# WHAT NEEDS TO BE DONE
In the records below, find the line containing "冯斌自体脂肪丰胸案例分享：超瘦女孩花38万打造自然美胸，效果惊艳！" and the line containing "Bilateral Chronic Anterior". Give again exactly those lines and every line between them, omitting the pictures.

Top of RECORDS PROVIDED

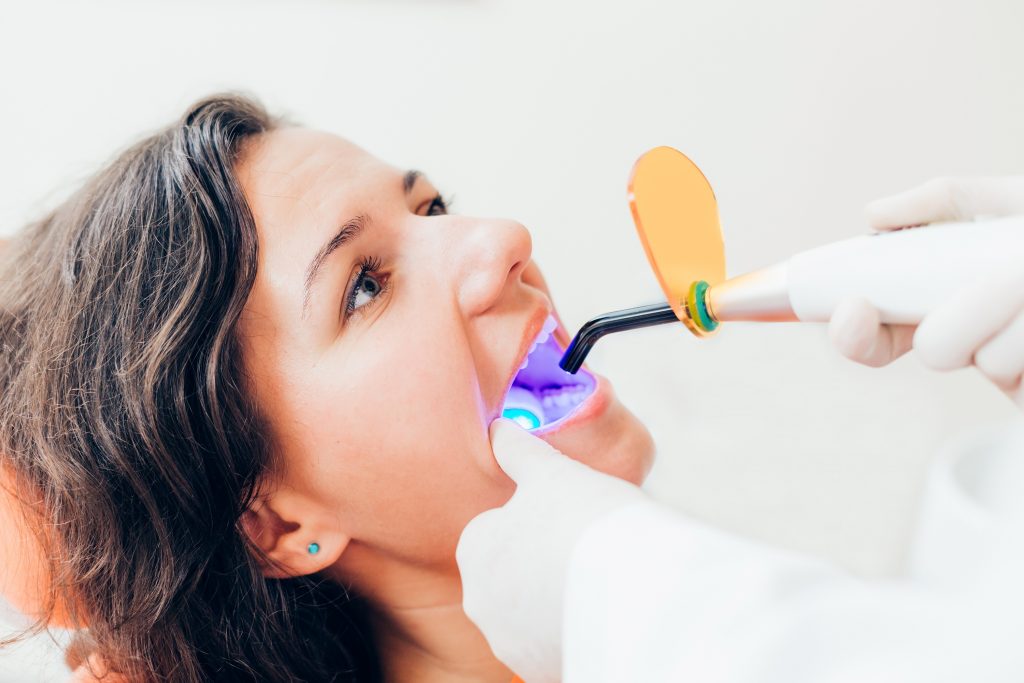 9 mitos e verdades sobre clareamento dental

Bottom of RECORDS PROVIDED
Top of RECORDS PROVIDED

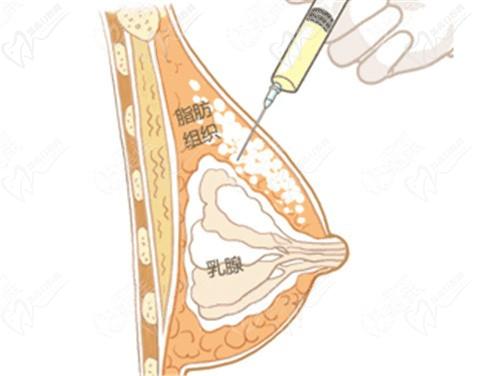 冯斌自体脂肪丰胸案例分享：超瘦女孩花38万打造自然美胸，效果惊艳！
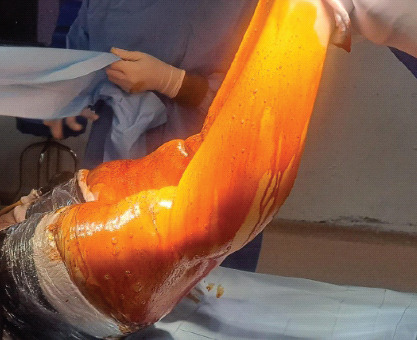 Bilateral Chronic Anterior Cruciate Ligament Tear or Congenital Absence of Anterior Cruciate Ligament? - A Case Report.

Bottom of RECORDS PROVIDED

# RESPONSE TO THE TASK
 冯斌自体脂肪丰胸案例分享：超瘦女孩花38万打造自然美胸，效果惊艳！
 Bilateral Chronic Anterior Cruciate Ligament Tear or Congenital Absence of Anterior Cruciate Ligament? - A Case Report.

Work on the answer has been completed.